For the rest of the advanced content, please focus on learning regular grouping, which will be shown in the later summary.
The XPath expression
XPath is XML Path, a language for finding node elements in AN XML document.
If you further study XPath, there are still many knowledge points that need to be added, but as a beginner of crawler collection, you can master the following contents first.
Grammar is a must for beginners
XPath path expression
This path is basically the same as the computer hard disk path.
Distinguish between/and //, which indicate selection from the root node or from a node at any location.
For example, if the following XML document exists, the root phase is root, and other contents are shown as follows
<root>
<book bid="1">
<author>Eraser (Eraser)</author>
</book>
<book bid="2">
<author>Eraser (Eraser)</author>
</book>
</root>
Copy the code
For example, /root/book indicates that the book node is selected from the root node. If /book is used, no data can be matched.
With //book, all book elements can be matched.
All book nodes can also be matched using book directly.
XPath test method, you can create an HTML file, after the developer tools use Ctrl+F to change the search box, you can test, as shown in the figure below.
Of course, the browser automatically generates HTML, HEAD, and BODY nodes.
Once you have the root node concept, you can categorize.
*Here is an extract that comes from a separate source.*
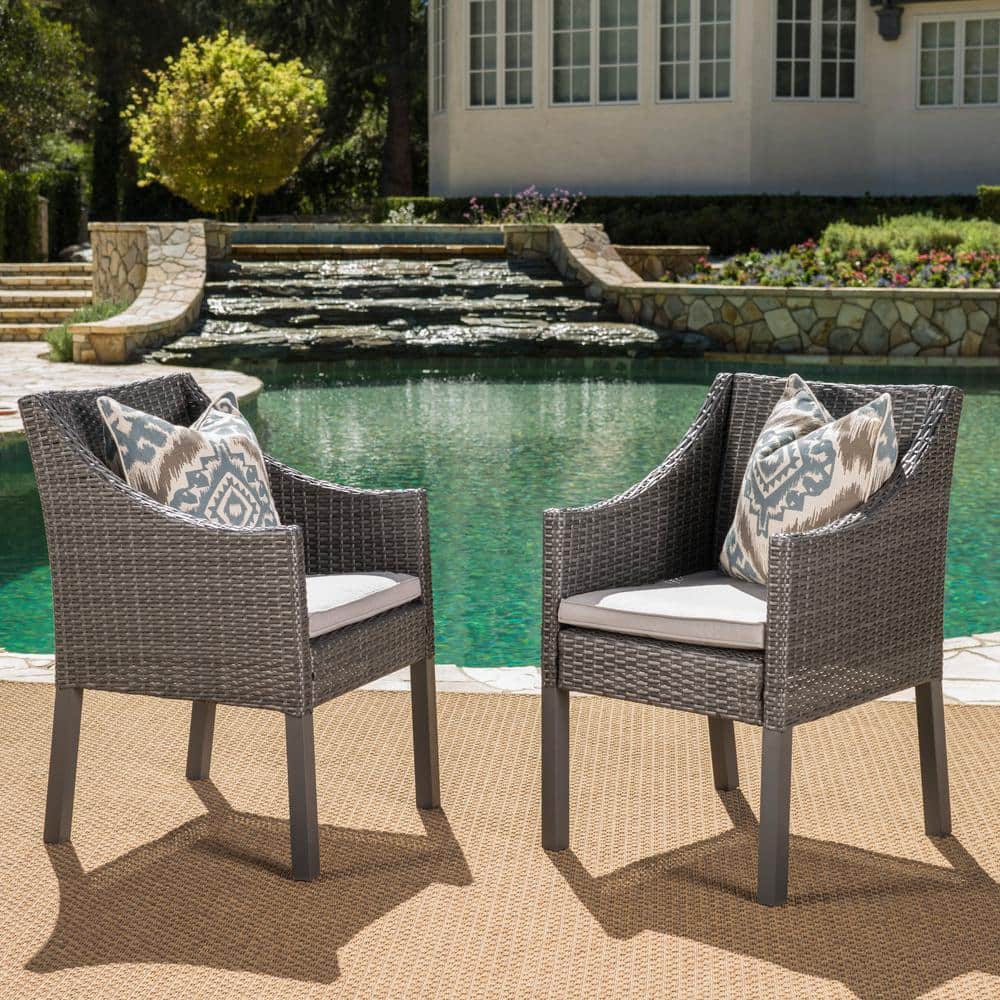 2-Piece Rattan Outdoor Patio Casual Dining Chairs for Balcony Lakeside Gard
To represent the current node,.. Indicates the parent node of the current node. Of course, @ can also select an attribute, such as the following XPath to extract a node whose bid=1 from the book node:
/html/body/root/book[@bid=1]
Copy the code
Extract the syntax as follows:
[@attribute = 'attribute value'] # If the attribute value is a number, it is also possible to drop the double quotesCopy the code
If the @ attribute is directly used, the node with the attribute is extracted.
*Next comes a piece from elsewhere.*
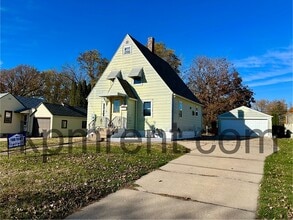 Building Photo - 2113 Oakland Ave E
Other ways to select elements
Select unknown elements
In XPath, you can use * to select an unknown node, such as /book/*/name, to select the name node of all nodes under the book node.
Choose a predicate
A predicate that looks for a particular node, or a node that contains a specified value, is nested in [], for example:
Select the first element /root/book[1] and the last element /root/book[last()].
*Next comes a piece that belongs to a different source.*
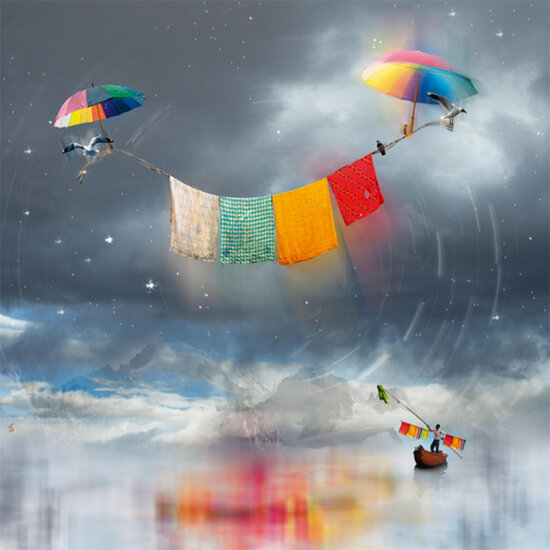 IGP7467 Ma&iuml;lo kaart - opgehangen tussen aarde en lucht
Extract the attribute value or text value in the tag
In crawler collection, it is often used to extract attribute values of tags or text values inside tags. The following cases can be referred to for extracting attribute values of tags: /book/@cid, and for extracting text of tags: //book/text().
That’s all you need to know about XPath as a beginner, but there are places that tell you to copy XPath directly from the developer tools, like this:
The XPath expression copied by the above method has a lot of redundancy. It is recommended to write it yourself.
The following is a directly copied expression.
/html/body/div[2]/div[5]
Copy the code
Collection time
This article is the 19th blog of “120 Cases of crawler”. Although there is no actual collection of a site, it has combed out what you should learn about regular expression and XPath in the early stage of learning crawler. I believe this article must be conducive to the next stage of learning ~
Reptiles, 120 cases of code download address: codechina.csdn.net/hihell/pyth… Can you give me a Star?
Here we are. No comment, no like, no hide?
Today is day 199/200 of continuous writing. You can follow me, like me, comment on me, favorites me.